Já o Direito, apesar da mesma variação, é possível olhar para sua forma escrita, e ele tem uma objetividade muito maior que a anterior. E, enquanto ele consagra, sobretudo nas Constituições, valores que tem como mais importantes para o Estado, a interpretação desses valores pode gerar muita confusão, pois cada um está carregado de suas experiências e vontades, explícitas ou ocultas, e um afastamento disso é muito difícil (alguns dirão impossível).
Na correlação entre um e outro, lembro da nada pacífica quarta dimensão dos Direitos Fundamentais, que tem, na sua "definição" dada por Bonavides, alguns valores que seriam, sim, aplicáveis a todos os Estados indistintamente, quais sejam, direito à informação, a democracia e o pluralismo. E, penso, ainda assim, pode ser que hajam pessoas com bons argumentos contra a democracia, o que se pode ver, por exemplo, em Platão e algumas sociedades na antiguidade, que observavam as diferenças de aptidões e construíam-se baseadas nisso.
De todo modo, o presente texto quer chamar a atenção para a dificuldade imensa de se objetivar algo que talvez não seja objetivável e, ao mesmo tempo, apontar como um caminho a ser seguido, mas sem nenhuma imposição, identificar e destacar o que se tem na Carta da República brasileira, que é o pluralismo de ideias (art. 1º, V) e a laicidade (art. 5º, VI e 19, I).
Com o primeiro parâmetro, fica difícil dizer que há ideias superiores e, principalmente, que todas devem ser respeitadas, sendo que, se atentarem contra o ordenamento jurídico, receberão a devida sanção, que também está objetivada (a redundância é proposital).
Já com o segundo, lembrando que religiões são, talvez, a maior fonte de moral objetivada, através de seus códigos, ou o nome que preferirem dar, é de se atentar que nenhuma delas rege o Brasil e, portanto, não que se falar em valores cristãos, islâmicos, ou qualquer outro desse tipo. Portanto, ao se pensar em moral e bons costumes, deve-se fazê-lo ignorando o que tais instituições dizem, ainda que possa haver pontos de contato, mas neste caso, será seguido não por que um Deus ou outro, ou nenhum, disse, mas sim por que o Direito pátrio se expressou sobre aquilo.
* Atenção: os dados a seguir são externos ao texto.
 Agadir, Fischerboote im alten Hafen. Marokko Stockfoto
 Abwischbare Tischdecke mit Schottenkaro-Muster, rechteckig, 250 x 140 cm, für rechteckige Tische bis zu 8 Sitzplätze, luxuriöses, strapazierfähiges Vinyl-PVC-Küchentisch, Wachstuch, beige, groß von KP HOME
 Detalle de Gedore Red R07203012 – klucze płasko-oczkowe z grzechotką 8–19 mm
Antes da conclusão, num rápido apontamento sobre o argumento de o preâmbulo falar em Deus, penso que se deve pensar em duas coisas:
1 - Harmonização com os dispositivos citados acima, o que dificilmente permite que algum Deus reja a direção deste país, pois entraria em choque tanto com o pluralismo de ideias quanto com a laicidade;
2 - Apesar de este argumento ficar fragilizado pelo próprio texto, lembro da jurisprudência e posição doutrinária pacíficas sobre o tema, segundo as quais o preâmbulo não tem força normativa, isto é, não faz lei.
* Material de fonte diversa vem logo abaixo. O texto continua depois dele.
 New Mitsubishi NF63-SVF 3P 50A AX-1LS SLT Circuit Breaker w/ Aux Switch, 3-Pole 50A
Por fim, olhando as sutilezas e dificuldades da questão, retoma-se o que já foi dito, chamando a atenção e fazendo um apelo ao esforço de se pensar o Direito e a sociedade brasileiras de forma racional e o mais isenta possível, buscando, onde a subjetividade abunda, (e como exposto, o campo da moral é um desses lugares), a objetividade.